What needs to be done:
Word for word, repeat the data; no picture should appear in the result.

Information shown:
_ _ _ _ _

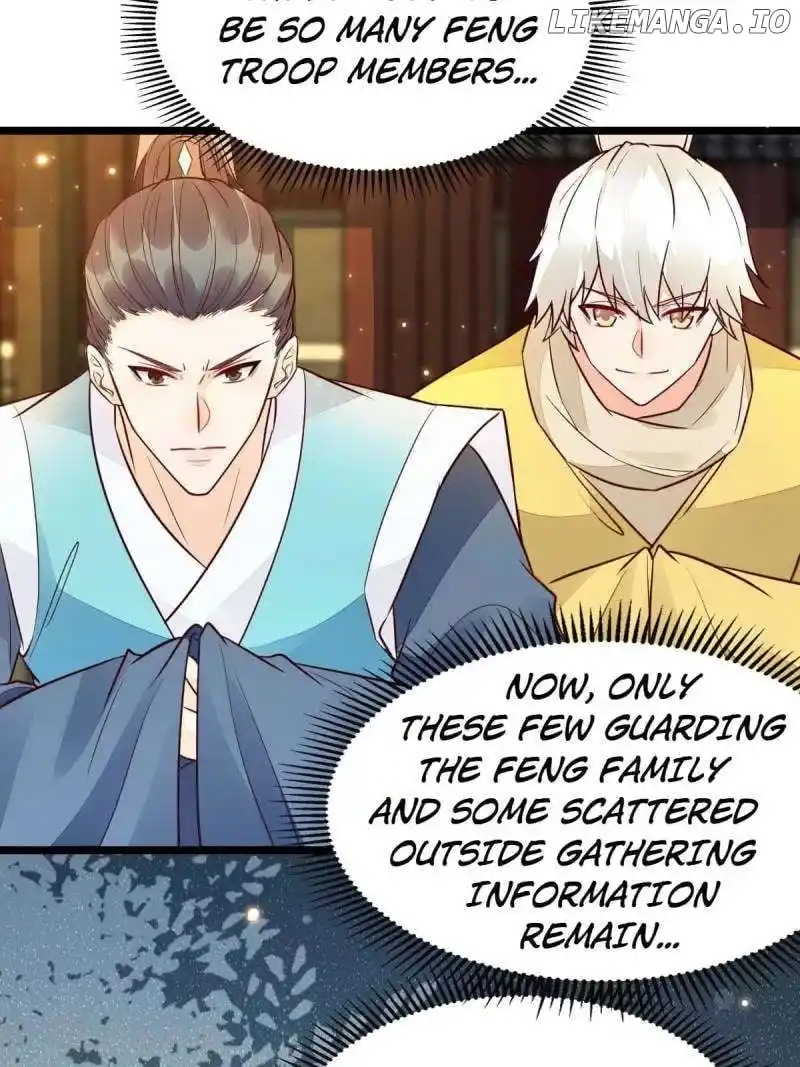 The Ghostly Doctor Chapter 495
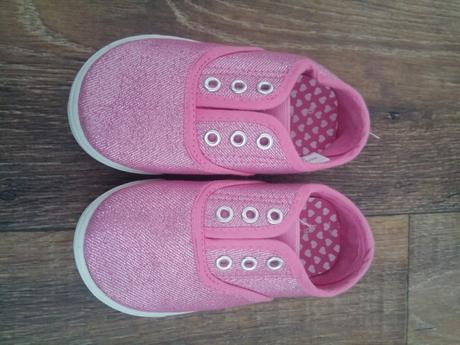 Topánočky, george,23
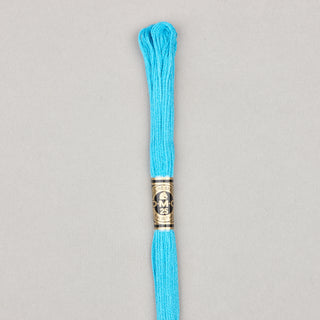 Floss Cotton   Shades 3768   3866
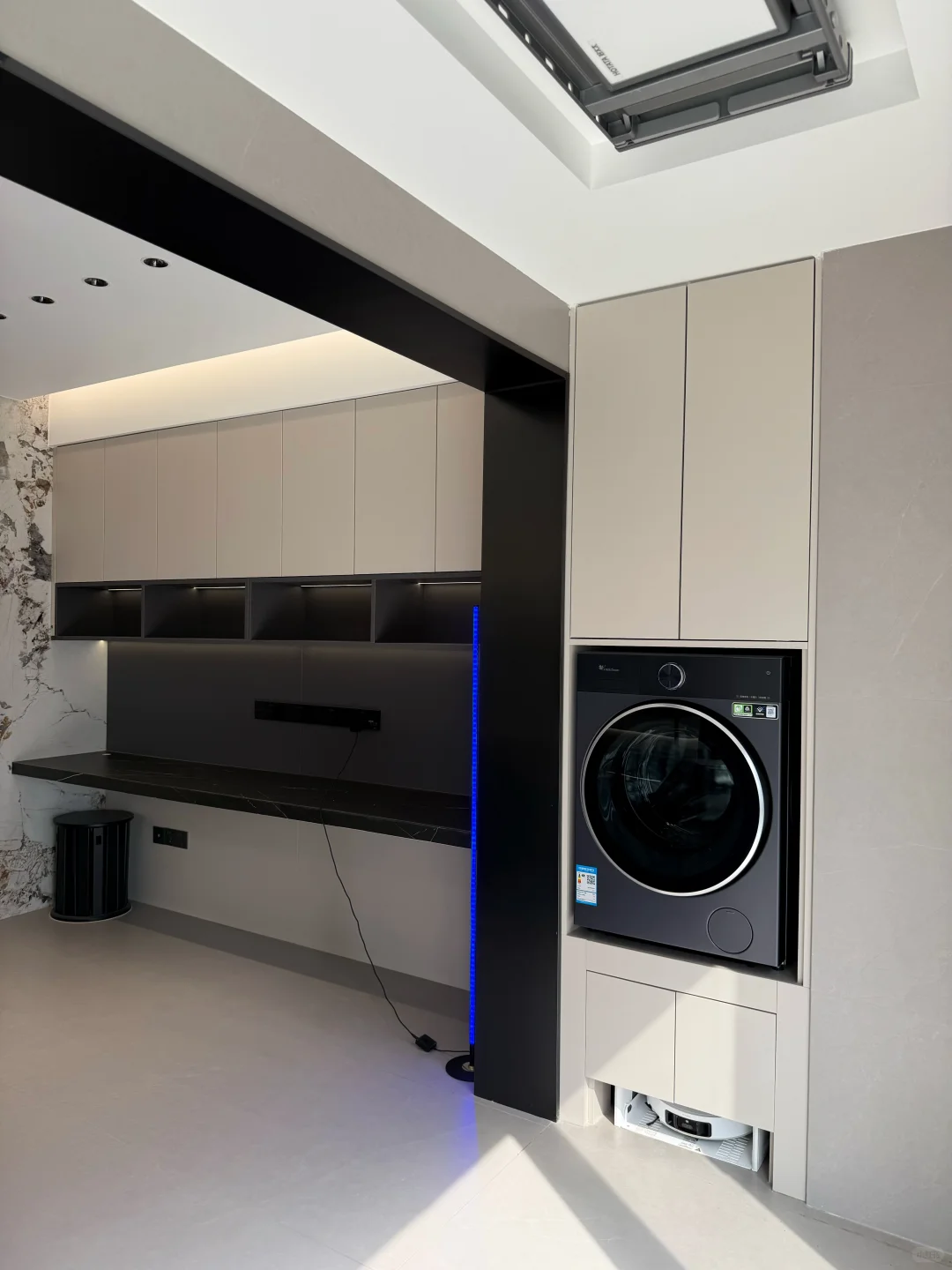 全屋定制安全下车|美貌与收纳,我全都要!✨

_ _ _ _ _

Exercise result:
 The Ghostly Doctor Chapter 495
 Topánočky, george,23
 Floss Cotton   Shades 3768   3866
 全屋定制安全下车|美貌与收纳,我全都要!✨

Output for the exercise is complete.